Do you also feel--but would hate to admit--that Dr. S. has every reason not to like you. That you’re a slimy, unlovable toad whom no one, starting with your mother, could possibly love? And that therapy isn’t working because you’re so hopeless that even the great Dr. S., world-renowned for his expertise in curing the most hopeless cases, can’t do a thing for you?
Does this state of affairs feel right, feel normal, feel like the way it’s supposed to be? If so, join the club. The best-kept secret in shrinkdom is that, like male gynecologists who go into their specialty because they hate women, shrinks go into theirs because they hate people. The next best-kept secret is that the most hateful shrinks attract the most self-hating patients. It’s a serendipitous arrangement that can go on for years. I should know, I did it for years.
I started my career on the couch at the tender age of 14 with a social worker named Mrs. Palmer at the family service agency in the suburb where I grew up. My mom was hysterical because she thought I was screwing around, which back in those prehistoric, pre-legal-abortion days was considered the first step on the road to unwed motherhood and a life on the skids. In reality I’d barely engaged in serious necking, but my mom was in the throes of a midlife crisis brought on by the combination of a cheating husband and a nubile daughter feeling her sexual oats.
To be fair, I wouldn’t have won any teenage good behavior medals myself. In my family, “communication,” the sine qua non of happy family life, had ground to a halt—if it had ever existed.
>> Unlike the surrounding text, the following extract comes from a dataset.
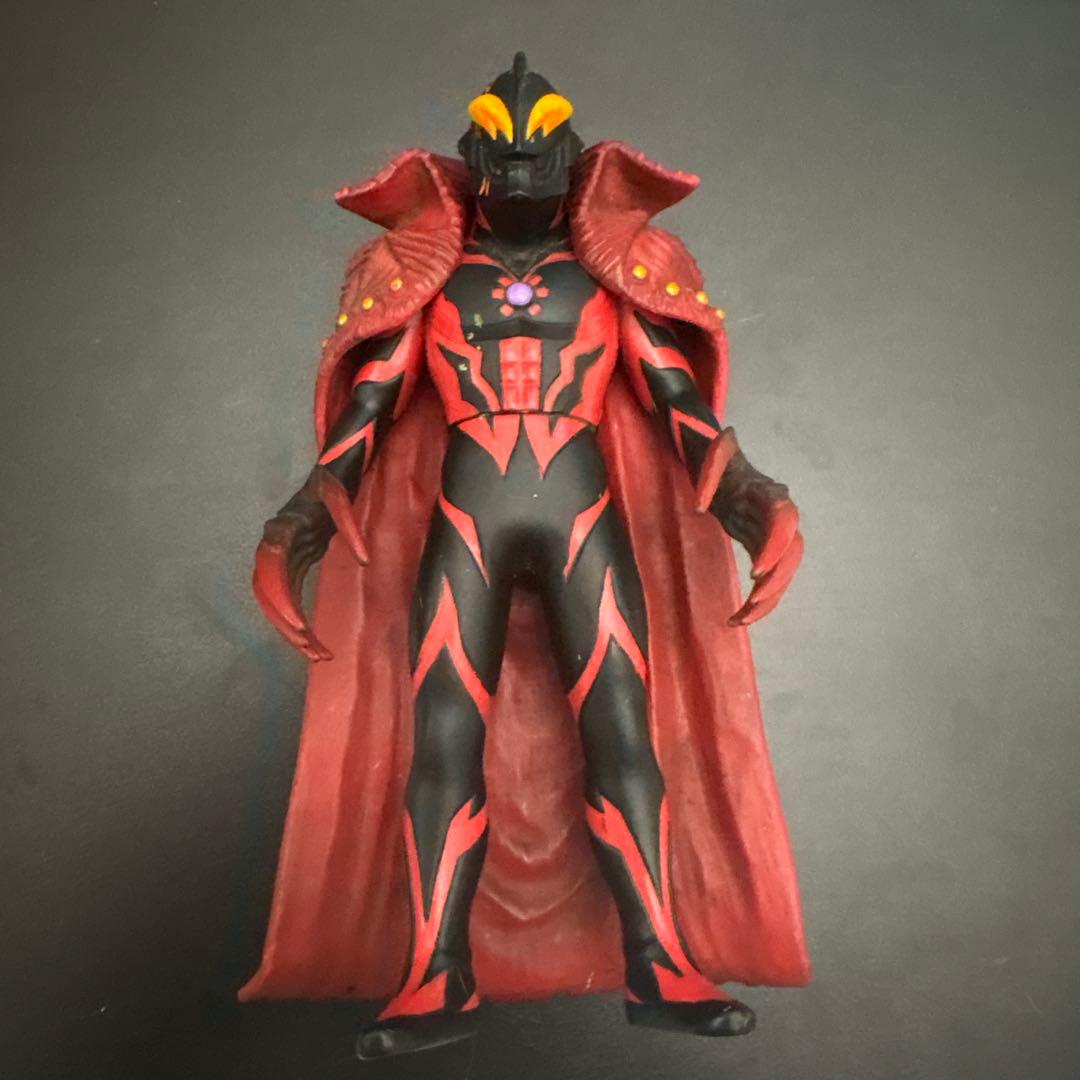 バンダイウルトラマン 怪獣ソフビフィギュア12体セット ベリアル軍団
Mrs. Palmer was a large, motherly looking lady whom I hoped would be able to talk some sense into my mother. I now find it hard to believe, but I spent three years seeing this lady weekly, during which I mostly discussed what I was reading and got warned about the dangers of premarital sex. It seems Mrs. Palmer was so thrilled by having a client who was actually literate that she couldn't resist the temptation to turn our sessions into English classes. I specifically remember her lending me one of her favorites, The Green Kingdom, about a land where everything was green, including the people. She was avid to know what I thought of it, and to please her I tried to come up with interesting psychological insights about what greenness meant to me. At the time it didn’t mean much. What did mean a lot was that at 16 I was madly in love with an older man of 26 who wanted me to sleep with him. He’d spend all weekend trying to get me into the sack, and Mrs. Palmer would spend our weekday session trying to talk me out of it. She won. He broke up with me because I wouldn’t have sex with him. I was devastated, and wound up losing my virginity a year later to some callow college boy I didn’t even like.
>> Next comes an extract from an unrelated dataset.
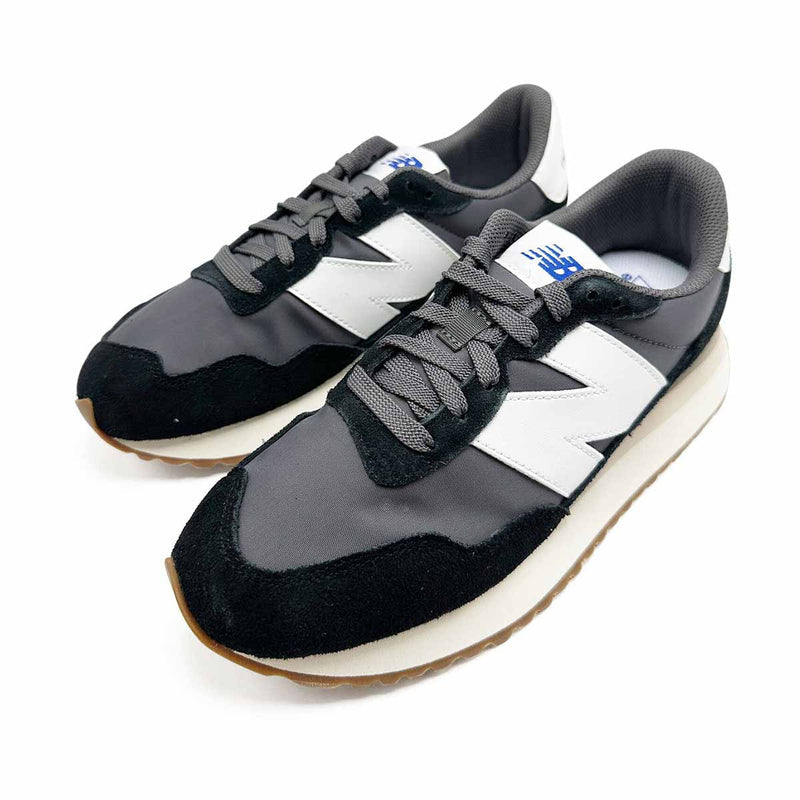 New Balance 237 'Grey Black Bubblegum' Men's Shoes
The final straw for me was her defense of my parents when at 17 they wanted to bank all my summer earnings so I’d spend them in a way they approved of. I finally quit counseling, older, if not wiser. Looking back, I don’t think Mrs. Palmer actually hated me, because such strong emotions had been bred out of her, but she surely must have disliked me. I think I frightened her. A somewhat vague, prissy, WASPy sort, she was terrified of the intense rage that flared between me and my mother, and certainly didn’t want to be in the same room with it. So, polite to a fault, she discussed literature instead.
The war between me and mom continued unabated, but we finally agreed to a truce based on her promise to pay my room and board in a women’s residence while I attended City College if I’d agree to see another shrink. Anything seemed preferable at that point to suburban incarceration, so at the tender age of 19 I wound up on the couch of Dr. Matthew Besdine of West End Avenue, who actually had some sort of reputation in the shrink field. He had written and lectured about his grand theory of what was causing the malaise of modern life—that women were too domineering and men were too passive.
I, of course, was a prime example of a domineering woman.
This was in pre-feminist times, so his theory sounded perfectly logical to me, especially since everyone had always told me I was too loud and pushy. Dr. Besdine, whose woman-hating knew no bounds, hated my mother even more than he hated me and referred to her regularly as “the battle-axe,” which at the time I found rather reassuring. However, I’m sure he thought of me as the mini battle-axe since, in response to my unhappy tales of sleeping around in search of love, he’d call me things like a frigid nymphomaniac. He was quite pleased with his cleverness in coming up with that label, which was one of the few things he ever said to me because he slept through most of our sessions. Under the guise of being a traditional psychoanalyst he’d placed his couch in such a way that his patients couldn’t see him during sessions, but he’d give himself away by snoring loudly at regular intervals. When I confronted him with falling asleep on me, he said it was because I was boring. Well, what could I say to that? I knew he was right.
I spent four years with Dr. Besdine having my dismal opinion of myself confirmed. It never occurred to me that I should leave because I wasn’t getting better, since I had no concept of what better might be, and Dr. Besdine didn’t seem to have a clue either. If you were born blind how can you imagine what it would be like to see? Besdine himself was so passive and disinterested that eventually I just drifted away. He didn’t seem to notice.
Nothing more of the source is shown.